In fact there are plenty of studies contending that asset allocation determines the vast majority of your portfolio’s return. In other words, it doesn’t matter as much which stock or bond you choose to invest in. It matters far more how much of your portfolio is invested in stocks or bonds in the aggregate.
The Importance of Portfolio Rebalancing
If you’ve ever managed your portfolio (or anyone else’s for that matter) you also know that over time your portfolio’s asset allocation will change as the market fluctuates. If you start with 60% in stocks and 40% in bonds, you might find your portfolio weighted 70% in stocks and only 30% in bonds after an appreciation in the stock market – especially since bonds tend to fall when stocks rise.

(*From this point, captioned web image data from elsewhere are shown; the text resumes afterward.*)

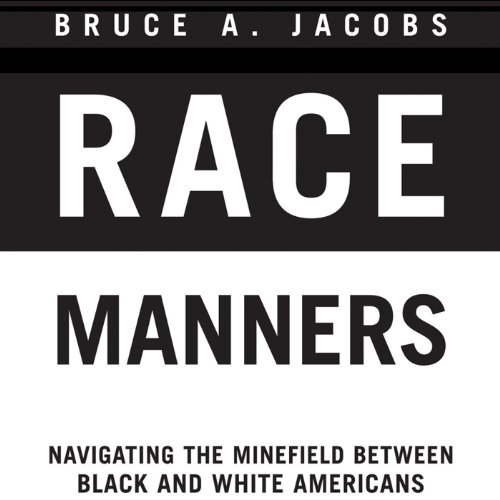 Cover of Race Manners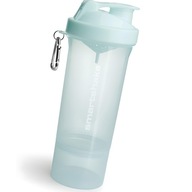 SHAKER SMARTSHAKE SLIM 500 ml VÝŽIVOVÝ SHAKER FĽAŠA PROTEÍN z telocvične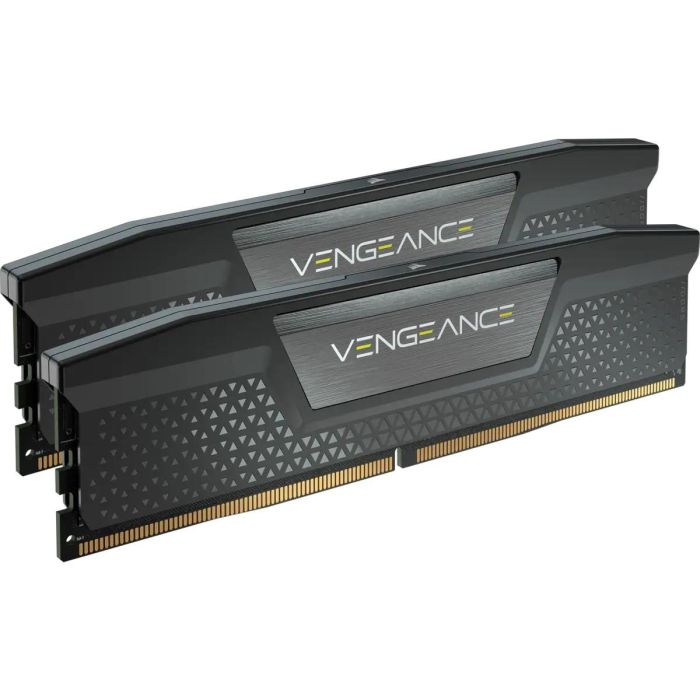 CORSAIR CMK32GX5M2B6400C36 - Kit Memoria RAM Vengeance 32GB (2x16GB) DDR5 6400MHz CL36 para PC 0 CORSAIR CMK32GX5M2B6400C36 - Kit Memoria RAM Vengeance 32GB (2x16GB) DDR5 6400MHz CL36 para PC 0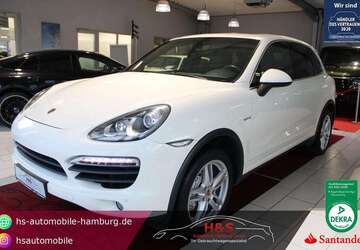Porsche Cayenne 125.421 km 24.400 &euro; Bad Segeberg ( bei Hamburg) 23795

This is why it’s important to rebalance your portfolio over time. The whole point of building a customized asset allocation is to match the risk in your portfolio to your personal risk tolerance. As your individual investments fluctuate in value, selling some of the appreciated positions and replacing them with some of the depreciated positions brings your portfolio back to its intended allocation.
For example, if a 60/40 portfolio became 70/30 after the markets moved, you’d want to sell stocks that represent 10% of your portfolio and use the cash to purchase bonds – returning to your original 60/40 allocation. Without rebalancing, your portfolio would continue to stray over time, ensuring a level of portfolio risk that’s higher or lower than you’d like.